In early 2010, shortly after winning office by a slim majority of votes and forming a coalition with the Liberal Democrats led by Nick Clegg, Tory right-winger David Cameron proceeded to implement radical austerity measures that showed his party's subservience to investors and wealth managers, and indifference to Britain's chronically unemployed, its students, and the poor who live in the inner cities.

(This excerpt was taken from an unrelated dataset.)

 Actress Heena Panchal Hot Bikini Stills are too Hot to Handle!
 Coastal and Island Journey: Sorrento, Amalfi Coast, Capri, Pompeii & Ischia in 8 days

Cameron and his ministers, like their European counterparts in France, Italy, Spain, Greece, and elsewhere around the world, have been willing to risk broad social unrest at a time when "Youth unemployment in the 27-nation European Union stands at just over 20 percent, ranging as high as 45.7 percent in Spain. In Britain," as New York Times journalist Roger Cohen writes, "youth unemployment has risen from 14 percent in the first quarter of 2008 to 20 percent. About one in every five young Europeans and young Americans is wondering how to get any sort of working life on track." And "[t]he anxiety grows when governments are slashing benefits and pushing back retirement ages in an attempt to deal with spiraling deficits. . . . Brits from Tottenham to Teesside have watched the most patrician cabinet since Macmillan [1957-63] cutting everything from libraries to youth counseling services."
The August 2011 riots can usefully be seen in light of earlier periods of rioting in the U.S. and other countries with long traditions of violent social protest. In the U.S. in the mid-to-late 1960s, when the Democratic Party was in power, riots erupted among the black underclass, notably in the densely populated ghetto of Harlem (1964) in New York City and in Watts, a small, impoverished area within South Central Los Angeles (August 1965). The Watts rioting lasted six days. Other major uprisings occurred in the black ghettos of individual cities across the country, peaking twice: in 1967 and again (for the first time on a truly national scale) in 1968, when the assassination of Martin Luther King sparked riots in Washington, D.C. and in hundreds of cities throughout the U.S., while across the Atlantic students protests toppled General Charles de Gaulle's authoritarian government.
The violent American race riots of the 1960s were spontaneous outbursts that did not require political agency or planning any more than did the 2005 riots in the French republic or the recent riots in Britain. But whereas Lyndon Johnson responded to them with both carrot and stick, Cameron and Sarkozy wielded only the stick.
In April 1992, when the cold war and Persian Gulf War had ended and southern California industries that depended on war were suffering, virtually all of South Central Los Angeles erupted in a spontaneous community-wide insurrection against police brutality and judicial bias. This most massive of urban riots followed the judicial exoneration of police officers who had been videotaped beating Rodney King, and after a Korean store owner who had murdered a fifteen-year-old black girl was tried and allowed to go free. During five days of rioting "54 people died, 2,328 were injured, and property losses topped $900 million." This was "the most ever in any U.S. riot."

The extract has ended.